* [Work order] Give again the lines from the line with "Schüler Balancieren auf" to the last line of the records, exactly and in full. Do not carry over any pictures.

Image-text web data
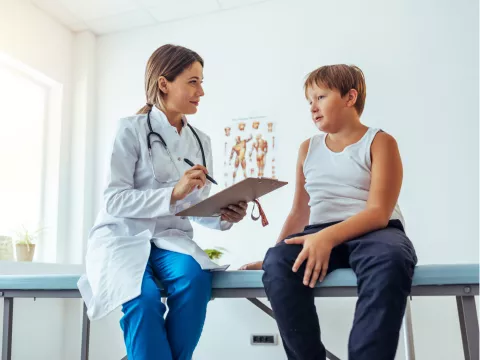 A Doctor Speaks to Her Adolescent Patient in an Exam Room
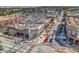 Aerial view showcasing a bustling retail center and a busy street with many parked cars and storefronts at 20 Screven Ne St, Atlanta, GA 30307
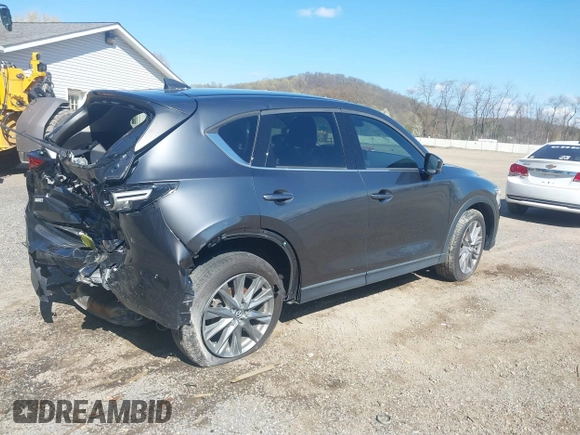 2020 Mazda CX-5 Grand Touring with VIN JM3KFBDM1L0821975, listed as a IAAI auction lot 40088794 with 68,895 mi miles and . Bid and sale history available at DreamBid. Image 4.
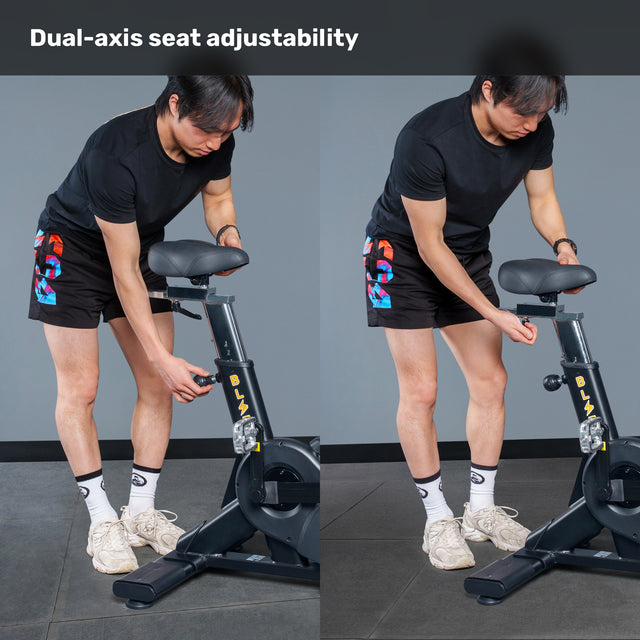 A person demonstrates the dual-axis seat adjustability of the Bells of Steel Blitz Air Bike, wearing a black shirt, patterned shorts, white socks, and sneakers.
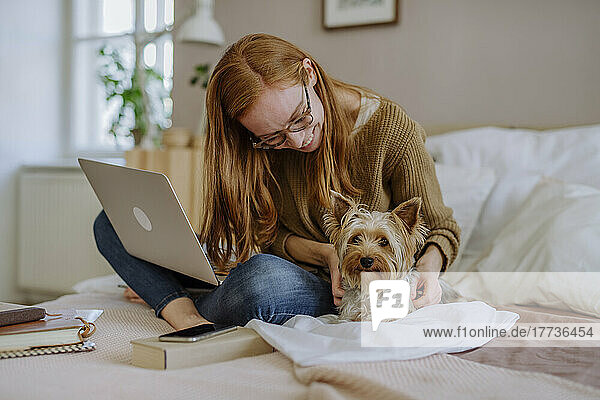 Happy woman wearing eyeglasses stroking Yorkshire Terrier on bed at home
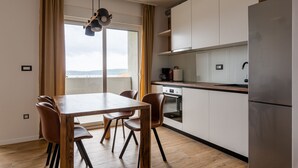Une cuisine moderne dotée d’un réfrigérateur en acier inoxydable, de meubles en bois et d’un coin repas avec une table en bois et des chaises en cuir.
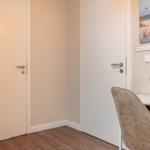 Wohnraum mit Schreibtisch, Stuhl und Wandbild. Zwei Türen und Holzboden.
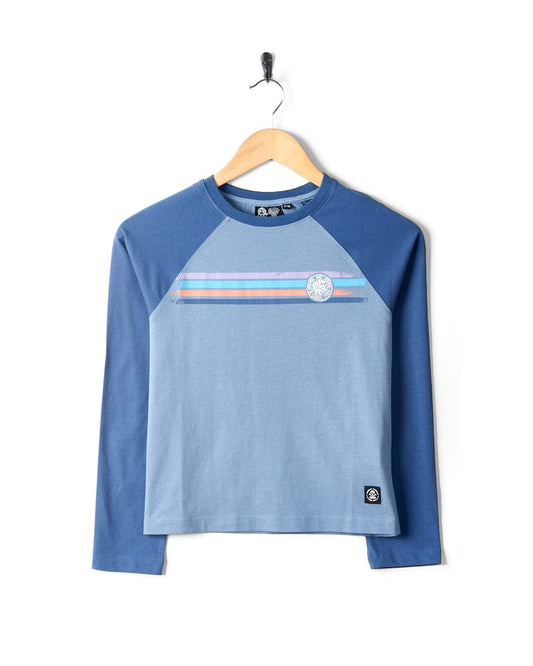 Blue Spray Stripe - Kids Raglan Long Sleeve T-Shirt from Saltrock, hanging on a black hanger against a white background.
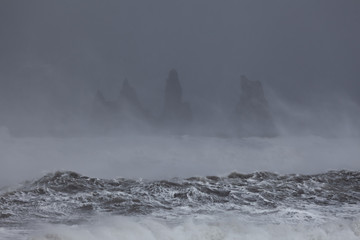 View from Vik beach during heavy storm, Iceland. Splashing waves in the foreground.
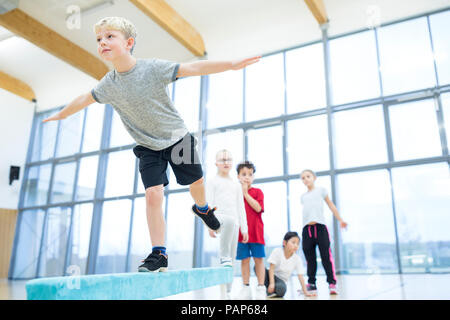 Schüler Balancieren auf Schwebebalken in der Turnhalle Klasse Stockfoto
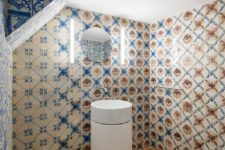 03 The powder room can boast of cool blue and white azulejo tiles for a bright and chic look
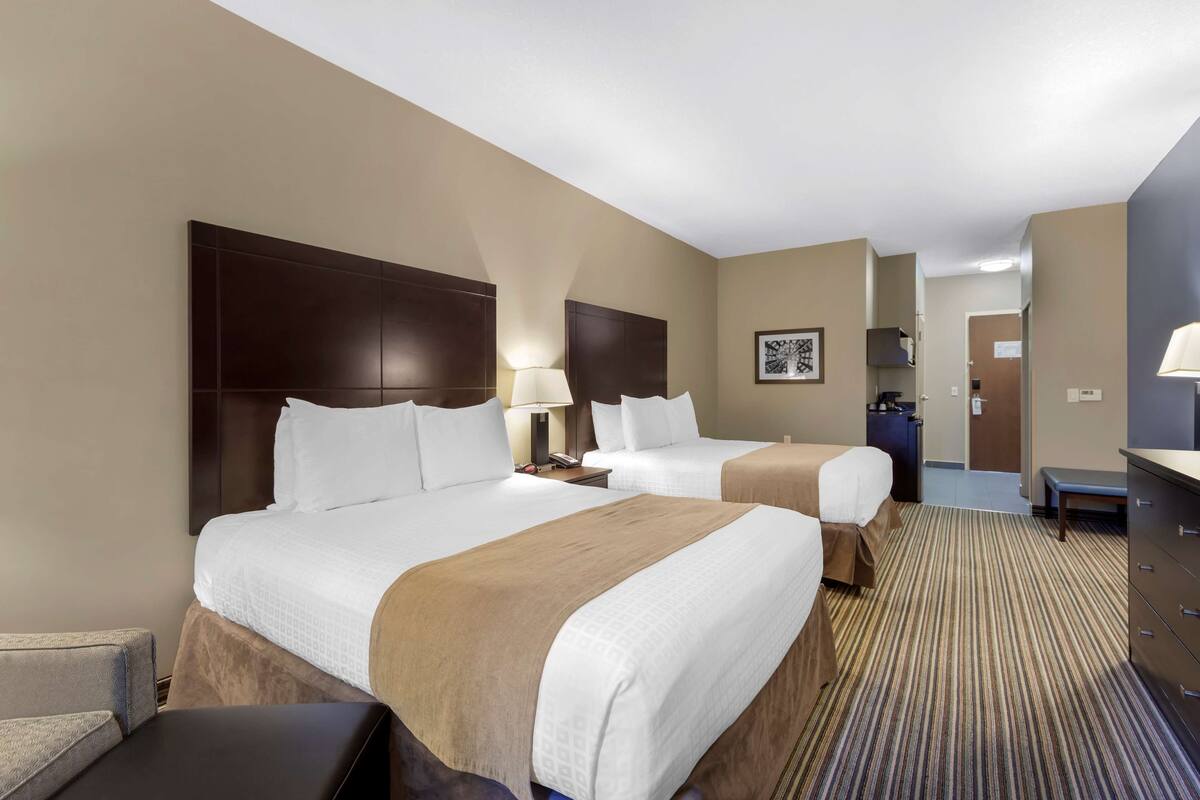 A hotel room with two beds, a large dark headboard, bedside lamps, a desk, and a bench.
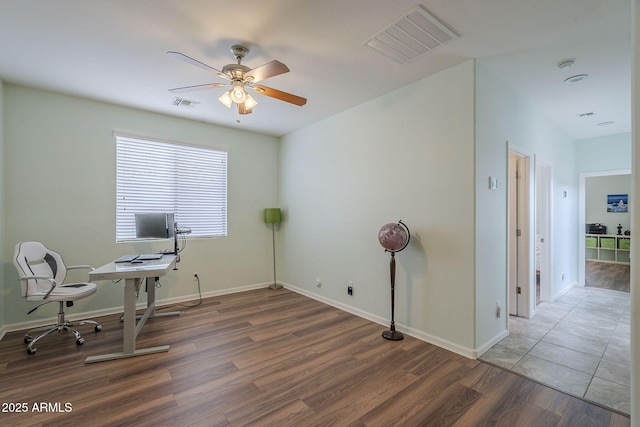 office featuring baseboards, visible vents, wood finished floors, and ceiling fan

* [Written answer]
 Schüler Balancieren auf Schwebebalken in der Turnhalle Klasse Stockfoto
 03 The powder room can boast of cool blue and white azulejo tiles for a bright and chic look
 A hotel room with two beds, a large dark headboard, bedside lamps, a desk, and a bench.
 office featuring baseboards, visible vents, wood finished floors, and ceiling fan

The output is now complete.